Supplied data ::

----

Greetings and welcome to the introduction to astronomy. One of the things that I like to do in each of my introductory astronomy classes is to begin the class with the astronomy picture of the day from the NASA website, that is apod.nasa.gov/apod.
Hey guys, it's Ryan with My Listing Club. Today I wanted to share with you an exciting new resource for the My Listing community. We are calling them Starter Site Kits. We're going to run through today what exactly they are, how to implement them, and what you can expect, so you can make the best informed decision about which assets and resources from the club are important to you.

----

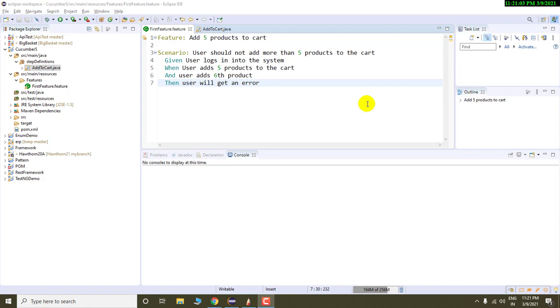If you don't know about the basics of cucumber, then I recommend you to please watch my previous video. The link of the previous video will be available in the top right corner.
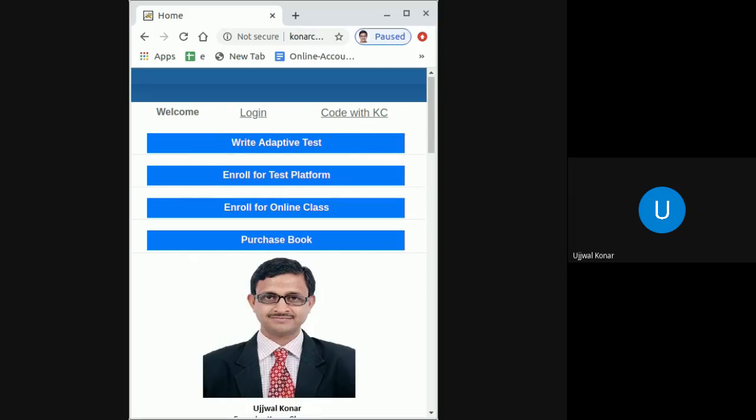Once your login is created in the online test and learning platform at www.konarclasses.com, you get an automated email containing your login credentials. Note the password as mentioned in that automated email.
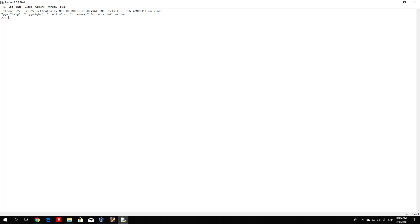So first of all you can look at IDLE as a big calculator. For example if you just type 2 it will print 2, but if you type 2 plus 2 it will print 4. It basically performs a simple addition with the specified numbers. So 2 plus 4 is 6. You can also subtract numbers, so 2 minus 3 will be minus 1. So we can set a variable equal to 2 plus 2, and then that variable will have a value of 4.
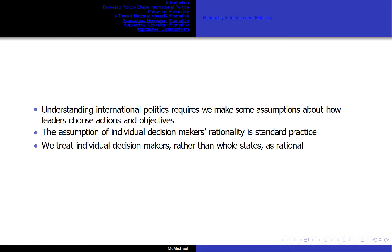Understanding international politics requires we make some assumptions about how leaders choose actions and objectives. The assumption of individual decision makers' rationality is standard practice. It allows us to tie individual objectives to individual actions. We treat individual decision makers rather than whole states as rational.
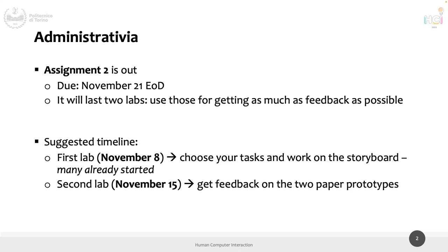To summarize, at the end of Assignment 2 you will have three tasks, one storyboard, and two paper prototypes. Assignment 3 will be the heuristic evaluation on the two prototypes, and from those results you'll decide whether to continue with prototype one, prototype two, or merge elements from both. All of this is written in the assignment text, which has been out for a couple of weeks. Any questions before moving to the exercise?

----

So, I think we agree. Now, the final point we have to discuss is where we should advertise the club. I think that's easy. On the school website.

----

What the task requires :: Reproduce verbatim only the segment of the listing bounded by the line containing "Greetings and welcome" and the line containing "Hey guys, it's", with both boundary lines included.

Final answer ::
Greetings and welcome to the introduction to astronomy. One of the things that I like to do in each of my introductory astronomy classes is to begin the class with the astronomy picture of the day from the NASA website, that is apod.nasa.gov/apod.
Hey guys, it's Ryan with My Listing Club. Today I wanted to share with you an exciting new resource for the My Listing community. We are calling them Starter Site Kits. We're going to run through today what exactly they are, how to implement them, and what you can expect, so you can make the best informed decision about which assets and resources from the club are important to you.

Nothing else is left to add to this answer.